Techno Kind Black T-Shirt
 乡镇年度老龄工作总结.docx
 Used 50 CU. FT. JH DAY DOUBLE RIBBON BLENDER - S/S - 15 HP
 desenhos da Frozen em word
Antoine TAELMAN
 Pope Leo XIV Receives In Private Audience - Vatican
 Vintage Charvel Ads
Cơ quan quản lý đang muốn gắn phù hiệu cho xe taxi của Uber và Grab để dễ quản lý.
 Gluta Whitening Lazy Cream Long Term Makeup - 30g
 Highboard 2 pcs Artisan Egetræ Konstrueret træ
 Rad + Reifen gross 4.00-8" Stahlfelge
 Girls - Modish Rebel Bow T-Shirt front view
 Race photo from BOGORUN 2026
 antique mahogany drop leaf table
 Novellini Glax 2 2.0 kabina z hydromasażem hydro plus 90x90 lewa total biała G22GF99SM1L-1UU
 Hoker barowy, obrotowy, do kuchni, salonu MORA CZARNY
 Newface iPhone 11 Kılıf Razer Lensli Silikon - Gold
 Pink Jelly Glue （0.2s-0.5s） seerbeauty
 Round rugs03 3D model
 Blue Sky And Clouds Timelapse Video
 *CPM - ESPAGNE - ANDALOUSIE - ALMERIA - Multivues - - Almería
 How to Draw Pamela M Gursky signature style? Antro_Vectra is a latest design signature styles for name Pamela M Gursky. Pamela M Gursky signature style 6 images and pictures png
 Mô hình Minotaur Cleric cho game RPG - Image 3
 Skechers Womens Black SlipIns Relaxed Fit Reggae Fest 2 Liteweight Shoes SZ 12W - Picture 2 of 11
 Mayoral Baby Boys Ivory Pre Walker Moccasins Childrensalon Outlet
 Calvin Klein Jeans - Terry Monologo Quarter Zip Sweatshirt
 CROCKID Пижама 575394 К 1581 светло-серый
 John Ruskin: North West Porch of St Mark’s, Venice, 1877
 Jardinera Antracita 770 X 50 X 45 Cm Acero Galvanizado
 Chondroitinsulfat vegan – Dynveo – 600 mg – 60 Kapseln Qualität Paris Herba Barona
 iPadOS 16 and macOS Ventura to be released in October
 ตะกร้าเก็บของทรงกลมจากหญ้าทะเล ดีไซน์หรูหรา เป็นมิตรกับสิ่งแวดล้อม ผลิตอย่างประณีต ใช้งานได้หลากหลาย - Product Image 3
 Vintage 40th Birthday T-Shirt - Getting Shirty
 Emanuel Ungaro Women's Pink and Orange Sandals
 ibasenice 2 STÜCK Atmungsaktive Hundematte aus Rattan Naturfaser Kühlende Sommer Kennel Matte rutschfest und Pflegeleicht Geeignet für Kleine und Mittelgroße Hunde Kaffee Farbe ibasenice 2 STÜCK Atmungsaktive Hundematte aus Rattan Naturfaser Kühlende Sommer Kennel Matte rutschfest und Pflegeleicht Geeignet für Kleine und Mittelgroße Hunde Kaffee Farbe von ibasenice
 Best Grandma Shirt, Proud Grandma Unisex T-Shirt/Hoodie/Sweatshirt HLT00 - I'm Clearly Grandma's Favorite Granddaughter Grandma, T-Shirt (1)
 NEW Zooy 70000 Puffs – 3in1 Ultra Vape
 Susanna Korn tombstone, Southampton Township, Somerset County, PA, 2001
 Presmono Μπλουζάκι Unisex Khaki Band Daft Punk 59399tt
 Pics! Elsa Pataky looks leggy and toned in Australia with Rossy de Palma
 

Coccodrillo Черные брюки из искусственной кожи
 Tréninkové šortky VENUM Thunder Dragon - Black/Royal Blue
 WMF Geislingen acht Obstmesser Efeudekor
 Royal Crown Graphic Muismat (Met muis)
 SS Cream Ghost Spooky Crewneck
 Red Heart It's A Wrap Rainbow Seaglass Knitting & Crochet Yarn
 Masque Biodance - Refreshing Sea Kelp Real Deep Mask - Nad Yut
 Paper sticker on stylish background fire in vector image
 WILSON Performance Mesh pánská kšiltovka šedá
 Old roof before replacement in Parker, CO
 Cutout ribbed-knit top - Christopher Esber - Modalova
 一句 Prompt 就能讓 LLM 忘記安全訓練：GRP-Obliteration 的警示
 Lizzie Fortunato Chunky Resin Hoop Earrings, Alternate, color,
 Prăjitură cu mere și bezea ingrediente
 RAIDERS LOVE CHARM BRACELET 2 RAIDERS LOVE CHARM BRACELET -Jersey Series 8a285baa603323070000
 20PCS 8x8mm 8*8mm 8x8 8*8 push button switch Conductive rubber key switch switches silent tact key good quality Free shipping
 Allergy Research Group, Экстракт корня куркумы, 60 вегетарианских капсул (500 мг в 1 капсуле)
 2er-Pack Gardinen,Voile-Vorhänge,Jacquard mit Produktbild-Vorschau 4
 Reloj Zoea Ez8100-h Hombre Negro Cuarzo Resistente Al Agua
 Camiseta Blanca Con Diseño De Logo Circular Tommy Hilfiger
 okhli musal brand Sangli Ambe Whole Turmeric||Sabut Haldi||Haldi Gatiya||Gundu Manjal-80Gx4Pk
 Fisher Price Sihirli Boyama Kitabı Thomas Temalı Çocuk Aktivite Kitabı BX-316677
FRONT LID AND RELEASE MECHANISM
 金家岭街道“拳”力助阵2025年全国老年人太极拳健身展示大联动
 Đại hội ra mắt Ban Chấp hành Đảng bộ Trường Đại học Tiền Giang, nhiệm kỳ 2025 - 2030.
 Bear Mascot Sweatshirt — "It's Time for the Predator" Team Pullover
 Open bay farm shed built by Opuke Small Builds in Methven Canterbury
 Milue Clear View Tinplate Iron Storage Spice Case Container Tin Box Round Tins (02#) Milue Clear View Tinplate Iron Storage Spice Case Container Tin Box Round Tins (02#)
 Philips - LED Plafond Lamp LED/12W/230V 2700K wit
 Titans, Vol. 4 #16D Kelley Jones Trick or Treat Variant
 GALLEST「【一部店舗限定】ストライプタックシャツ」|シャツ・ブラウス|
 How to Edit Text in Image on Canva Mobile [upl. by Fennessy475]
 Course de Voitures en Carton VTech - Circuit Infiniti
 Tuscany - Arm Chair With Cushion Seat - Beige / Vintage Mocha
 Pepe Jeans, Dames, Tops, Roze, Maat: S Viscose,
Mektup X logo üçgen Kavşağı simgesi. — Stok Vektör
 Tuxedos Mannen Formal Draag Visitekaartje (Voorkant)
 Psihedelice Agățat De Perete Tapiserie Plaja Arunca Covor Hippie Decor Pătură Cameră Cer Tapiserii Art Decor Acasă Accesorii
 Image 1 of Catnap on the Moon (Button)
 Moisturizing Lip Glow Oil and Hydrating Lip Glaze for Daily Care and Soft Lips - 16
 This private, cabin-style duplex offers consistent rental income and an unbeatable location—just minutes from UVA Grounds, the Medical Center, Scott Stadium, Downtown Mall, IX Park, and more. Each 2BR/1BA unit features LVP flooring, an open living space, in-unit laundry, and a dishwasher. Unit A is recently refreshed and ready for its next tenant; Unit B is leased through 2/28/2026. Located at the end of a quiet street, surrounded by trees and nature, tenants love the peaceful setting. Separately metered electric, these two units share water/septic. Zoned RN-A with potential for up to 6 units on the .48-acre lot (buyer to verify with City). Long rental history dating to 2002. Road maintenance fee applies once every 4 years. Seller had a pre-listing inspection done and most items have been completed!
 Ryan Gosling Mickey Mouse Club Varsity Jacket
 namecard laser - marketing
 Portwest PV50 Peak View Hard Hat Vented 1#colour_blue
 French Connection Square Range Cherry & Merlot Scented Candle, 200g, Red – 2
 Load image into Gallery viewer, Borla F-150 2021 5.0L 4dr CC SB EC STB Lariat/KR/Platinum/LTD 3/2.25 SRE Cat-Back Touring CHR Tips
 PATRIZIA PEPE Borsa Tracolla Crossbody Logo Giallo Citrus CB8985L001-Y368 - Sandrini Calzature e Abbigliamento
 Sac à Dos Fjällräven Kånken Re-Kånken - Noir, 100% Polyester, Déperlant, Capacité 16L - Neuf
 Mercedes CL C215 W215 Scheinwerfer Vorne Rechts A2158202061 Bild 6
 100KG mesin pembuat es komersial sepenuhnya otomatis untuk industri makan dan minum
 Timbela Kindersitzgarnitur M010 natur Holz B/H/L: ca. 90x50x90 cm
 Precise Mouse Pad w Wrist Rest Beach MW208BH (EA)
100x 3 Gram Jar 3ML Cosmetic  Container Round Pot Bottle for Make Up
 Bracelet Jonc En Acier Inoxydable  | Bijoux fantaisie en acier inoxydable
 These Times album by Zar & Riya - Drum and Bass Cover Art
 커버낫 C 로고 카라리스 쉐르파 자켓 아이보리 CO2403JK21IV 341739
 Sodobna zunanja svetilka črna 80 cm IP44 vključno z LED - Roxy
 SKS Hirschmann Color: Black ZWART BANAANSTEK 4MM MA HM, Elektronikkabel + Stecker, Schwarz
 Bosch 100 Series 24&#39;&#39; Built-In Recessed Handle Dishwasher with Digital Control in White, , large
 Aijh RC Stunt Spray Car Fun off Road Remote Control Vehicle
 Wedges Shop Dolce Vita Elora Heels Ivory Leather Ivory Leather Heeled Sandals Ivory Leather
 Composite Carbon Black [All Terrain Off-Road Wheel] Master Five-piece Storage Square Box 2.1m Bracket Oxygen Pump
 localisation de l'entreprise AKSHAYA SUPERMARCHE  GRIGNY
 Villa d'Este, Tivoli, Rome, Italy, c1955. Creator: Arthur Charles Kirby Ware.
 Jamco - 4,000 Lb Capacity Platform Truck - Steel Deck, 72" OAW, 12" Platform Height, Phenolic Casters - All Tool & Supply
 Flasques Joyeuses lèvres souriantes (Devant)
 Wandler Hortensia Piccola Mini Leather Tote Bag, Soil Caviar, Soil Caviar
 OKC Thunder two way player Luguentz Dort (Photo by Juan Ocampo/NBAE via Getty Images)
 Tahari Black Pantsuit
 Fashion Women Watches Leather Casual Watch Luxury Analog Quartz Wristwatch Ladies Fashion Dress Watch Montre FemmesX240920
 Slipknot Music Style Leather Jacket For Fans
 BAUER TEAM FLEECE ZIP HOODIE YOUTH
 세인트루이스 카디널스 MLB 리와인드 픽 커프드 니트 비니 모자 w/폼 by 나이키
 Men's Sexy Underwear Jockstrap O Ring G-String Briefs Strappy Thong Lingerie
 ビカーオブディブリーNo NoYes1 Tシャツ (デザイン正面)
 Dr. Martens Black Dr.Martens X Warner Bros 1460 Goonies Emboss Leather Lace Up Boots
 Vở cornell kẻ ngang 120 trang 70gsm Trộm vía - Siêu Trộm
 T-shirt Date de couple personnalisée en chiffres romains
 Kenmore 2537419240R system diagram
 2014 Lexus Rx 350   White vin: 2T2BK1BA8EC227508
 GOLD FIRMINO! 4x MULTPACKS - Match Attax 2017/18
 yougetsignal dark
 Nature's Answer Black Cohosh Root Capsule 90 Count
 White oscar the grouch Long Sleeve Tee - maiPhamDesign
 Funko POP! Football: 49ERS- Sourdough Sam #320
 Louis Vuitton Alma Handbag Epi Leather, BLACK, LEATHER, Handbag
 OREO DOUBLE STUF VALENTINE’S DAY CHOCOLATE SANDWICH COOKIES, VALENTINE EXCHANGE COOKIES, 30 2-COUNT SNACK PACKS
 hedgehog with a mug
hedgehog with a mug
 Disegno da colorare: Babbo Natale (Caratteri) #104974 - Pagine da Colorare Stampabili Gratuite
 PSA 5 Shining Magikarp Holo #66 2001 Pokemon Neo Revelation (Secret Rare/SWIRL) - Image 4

· · ·

WHAT TO DO – Give the lines again, exactly as they stand, from the beginning of the data through the line with "Mô hình Minotaur".

RESULT FOR THIS EXERCISE –
Techno Kind Black T-Shirt
 乡镇年度老龄工作总结.docx
 Used 50 CU. FT. JH DAY DOUBLE RIBBON BLENDER - S/S - 15 HP
 desenhos da Frozen em word
Antoine TAELMAN
 Pope Leo XIV Receives In Private Audience - Vatican
 Vintage Charvel Ads
Cơ quan quản lý đang muốn gắn phù hiệu cho xe taxi của Uber và Grab để dễ quản lý.
 Gluta Whitening Lazy Cream Long Term Makeup - 30g
 Highboard 2 pcs Artisan Egetræ Konstrueret træ
 Rad + Reifen gross 4.00-8" Stahlfelge
 Girls - Modish Rebel Bow T-Shirt front view
 Race photo from BOGORUN 2026
 antique mahogany drop leaf table
 Novellini Glax 2 2.0 kabina z hydromasażem hydro plus 90x90 lewa total biała G22GF99SM1L-1UU
 Hoker barowy, obrotowy, do kuchni, salonu MORA CZARNY
 Newface iPhone 11 Kılıf Razer Lensli Silikon - Gold
 Pink Jelly Glue （0.2s-0.5s） seerbeauty
 Round rugs03 3D model
 Blue Sky And Clouds Timelapse Video
 *CPM - ESPAGNE - ANDALOUSIE - ALMERIA - Multivues - - Almería
 How to Draw Pamela M Gursky signature style? Antro_Vectra is a latest design signature styles for name Pamela M Gursky. Pamela M Gursky signature style 6 images and pictures png
 Mô hình Minotaur Cleric cho game RPG - Image 3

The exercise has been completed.